FOUNDER OF RESTON, VIRGINIA
Pioneer of Intentional Community, Real-estate Developer & Community Builder
Robert E. Simon, Jr., was born in New York City in 1914. After graduating from Harvard, Simon took over the family real estate management and development business. In 1961, with the proceeds from the sale of a family property, Carnegie Hall, Simon purchased 6,750 acres of land in Fairfax County, Virginia, which would become Reston, Virginia. Reston is now recognized as the foremost urban intentional community in the United States. Simon’s new town concept emphasized quality of life for the individual and provided a community where people could live, work, and play without driving long distances.
Reston was conceived as a planned community by Robert E. Simon. Founded on April 10, 1964 (Simon’s 50th birthday) and named for his initials, it was the first modern, post-war planned community in America, sparking a revival of the planned community concept. The growth and development of Reston has been monitored by newspaper articles, national magazines, and scholarly journals on architecture and land use.
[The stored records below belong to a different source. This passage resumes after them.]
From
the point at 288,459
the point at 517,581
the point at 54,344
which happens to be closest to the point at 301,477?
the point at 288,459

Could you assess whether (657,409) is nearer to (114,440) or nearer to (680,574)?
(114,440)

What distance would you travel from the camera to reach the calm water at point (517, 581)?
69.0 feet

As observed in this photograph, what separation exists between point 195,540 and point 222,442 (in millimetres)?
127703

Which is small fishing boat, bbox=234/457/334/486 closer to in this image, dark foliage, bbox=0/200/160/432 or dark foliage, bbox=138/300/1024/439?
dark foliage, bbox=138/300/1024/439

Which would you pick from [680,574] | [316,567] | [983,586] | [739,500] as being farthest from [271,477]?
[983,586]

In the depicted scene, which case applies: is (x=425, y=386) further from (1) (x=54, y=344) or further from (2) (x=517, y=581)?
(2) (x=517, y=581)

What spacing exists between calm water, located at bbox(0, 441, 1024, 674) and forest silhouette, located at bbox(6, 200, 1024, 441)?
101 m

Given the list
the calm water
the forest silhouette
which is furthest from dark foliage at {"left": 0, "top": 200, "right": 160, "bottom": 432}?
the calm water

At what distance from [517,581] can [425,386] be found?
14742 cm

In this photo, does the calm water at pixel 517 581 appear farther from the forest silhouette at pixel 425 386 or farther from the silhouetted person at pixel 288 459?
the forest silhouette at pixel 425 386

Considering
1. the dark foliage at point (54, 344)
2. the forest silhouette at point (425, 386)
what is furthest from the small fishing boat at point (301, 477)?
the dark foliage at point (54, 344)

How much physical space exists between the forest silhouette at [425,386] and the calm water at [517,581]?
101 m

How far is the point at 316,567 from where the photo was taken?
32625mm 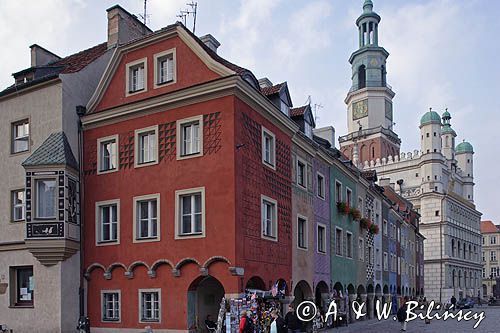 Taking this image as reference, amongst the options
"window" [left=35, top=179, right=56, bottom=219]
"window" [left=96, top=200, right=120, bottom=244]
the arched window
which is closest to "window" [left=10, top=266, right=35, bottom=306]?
"window" [left=35, top=179, right=56, bottom=219]

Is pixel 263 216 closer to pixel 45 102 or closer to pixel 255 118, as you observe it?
pixel 255 118

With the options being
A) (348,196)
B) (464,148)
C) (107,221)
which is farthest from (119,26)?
(464,148)

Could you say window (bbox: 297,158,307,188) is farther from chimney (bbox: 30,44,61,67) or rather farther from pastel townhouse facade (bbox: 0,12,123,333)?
chimney (bbox: 30,44,61,67)

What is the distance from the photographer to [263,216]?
85.7ft

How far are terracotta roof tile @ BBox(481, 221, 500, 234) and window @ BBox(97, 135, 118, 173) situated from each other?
5003 inches

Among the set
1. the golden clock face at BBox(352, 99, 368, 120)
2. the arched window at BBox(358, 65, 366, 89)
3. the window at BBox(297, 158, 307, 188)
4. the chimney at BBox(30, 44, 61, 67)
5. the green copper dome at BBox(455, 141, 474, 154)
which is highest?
the arched window at BBox(358, 65, 366, 89)

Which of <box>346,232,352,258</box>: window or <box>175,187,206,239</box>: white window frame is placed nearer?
<box>175,187,206,239</box>: white window frame

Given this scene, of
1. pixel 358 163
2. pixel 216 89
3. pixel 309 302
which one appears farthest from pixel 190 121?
pixel 358 163

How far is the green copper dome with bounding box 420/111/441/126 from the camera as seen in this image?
314 ft

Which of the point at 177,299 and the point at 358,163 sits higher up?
the point at 358,163

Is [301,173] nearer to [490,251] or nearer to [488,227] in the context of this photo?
[490,251]

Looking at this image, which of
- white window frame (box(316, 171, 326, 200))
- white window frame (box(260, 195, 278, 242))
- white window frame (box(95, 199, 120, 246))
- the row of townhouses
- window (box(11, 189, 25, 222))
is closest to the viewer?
the row of townhouses

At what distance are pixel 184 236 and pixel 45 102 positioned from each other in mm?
A: 9132

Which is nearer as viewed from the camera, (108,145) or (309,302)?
(108,145) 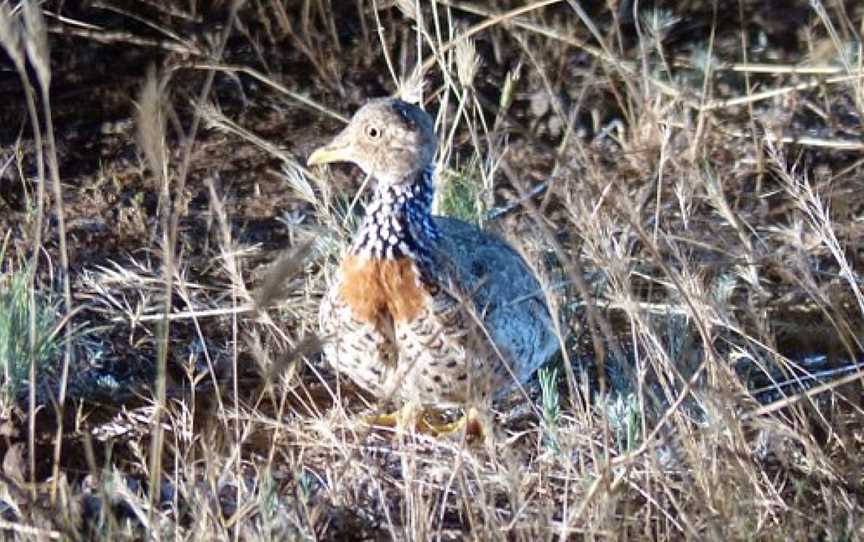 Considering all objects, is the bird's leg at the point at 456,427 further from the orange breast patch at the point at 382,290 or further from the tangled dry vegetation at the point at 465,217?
the orange breast patch at the point at 382,290

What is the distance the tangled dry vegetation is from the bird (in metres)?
0.18

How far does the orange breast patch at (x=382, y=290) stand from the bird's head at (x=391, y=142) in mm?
293

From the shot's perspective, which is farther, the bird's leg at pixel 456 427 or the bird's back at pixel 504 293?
the bird's leg at pixel 456 427

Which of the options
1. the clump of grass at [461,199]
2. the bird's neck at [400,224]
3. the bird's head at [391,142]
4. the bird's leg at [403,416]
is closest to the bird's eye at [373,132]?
the bird's head at [391,142]

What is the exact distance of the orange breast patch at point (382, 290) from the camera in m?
4.71

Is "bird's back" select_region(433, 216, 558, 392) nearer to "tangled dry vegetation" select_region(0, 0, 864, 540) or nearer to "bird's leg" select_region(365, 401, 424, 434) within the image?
"tangled dry vegetation" select_region(0, 0, 864, 540)

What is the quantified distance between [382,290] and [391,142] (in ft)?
1.50

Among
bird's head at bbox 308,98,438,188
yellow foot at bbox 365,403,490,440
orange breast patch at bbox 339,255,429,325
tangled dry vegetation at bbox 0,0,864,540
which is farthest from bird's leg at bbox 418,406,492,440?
bird's head at bbox 308,98,438,188

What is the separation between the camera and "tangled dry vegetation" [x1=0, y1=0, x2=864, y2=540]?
12.7 feet

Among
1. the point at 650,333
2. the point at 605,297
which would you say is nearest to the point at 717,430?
the point at 650,333

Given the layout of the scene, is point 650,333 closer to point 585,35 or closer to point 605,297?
point 605,297

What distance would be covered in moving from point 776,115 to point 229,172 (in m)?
2.22

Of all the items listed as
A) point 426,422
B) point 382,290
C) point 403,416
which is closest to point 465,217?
point 426,422

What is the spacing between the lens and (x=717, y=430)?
12.6 feet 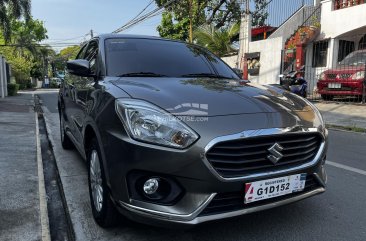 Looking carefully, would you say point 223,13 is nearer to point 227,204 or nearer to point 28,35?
point 227,204

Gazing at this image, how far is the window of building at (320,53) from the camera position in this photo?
1556 cm

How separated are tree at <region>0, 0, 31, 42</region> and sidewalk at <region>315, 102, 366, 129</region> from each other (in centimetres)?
1811

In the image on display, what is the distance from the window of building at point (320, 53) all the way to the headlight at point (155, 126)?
582 inches

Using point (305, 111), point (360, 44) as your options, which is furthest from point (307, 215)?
point (360, 44)

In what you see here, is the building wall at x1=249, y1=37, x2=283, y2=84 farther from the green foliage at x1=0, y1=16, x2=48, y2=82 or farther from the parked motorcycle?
the green foliage at x1=0, y1=16, x2=48, y2=82

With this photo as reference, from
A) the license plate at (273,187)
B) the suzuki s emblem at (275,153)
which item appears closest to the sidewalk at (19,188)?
the license plate at (273,187)

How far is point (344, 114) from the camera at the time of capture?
32.5 feet

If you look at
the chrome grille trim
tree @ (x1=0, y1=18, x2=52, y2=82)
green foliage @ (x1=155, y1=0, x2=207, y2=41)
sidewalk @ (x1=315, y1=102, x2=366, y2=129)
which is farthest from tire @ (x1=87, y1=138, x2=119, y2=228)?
tree @ (x1=0, y1=18, x2=52, y2=82)

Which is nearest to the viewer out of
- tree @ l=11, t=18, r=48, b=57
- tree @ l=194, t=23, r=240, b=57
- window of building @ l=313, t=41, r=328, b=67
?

Part of the New Town movement, from the beginning Reston was designed to follow “guiding principles” in its development that would stress quality of life. Citizens would be able to live in the same community while going through different life cycles with different housing needs as they age. It was hoped that Restonians could live, work, and have recreation in their own community, with common grounds and scenic beauty shared equally regardless of income level.
Among the problems in these communities that Reston responded to included income segregation, a lack of natural preservation, suburbs that served only as bedroom communities for commuters, a lack of public space in new developments, and a lack of community ties in new developments. Many early residents settled in Reston because of the ideals of the community. Fifty years later, the town he christened with his own initials — Reston — has nearly 60,000 residents and about 60,000 daily workers.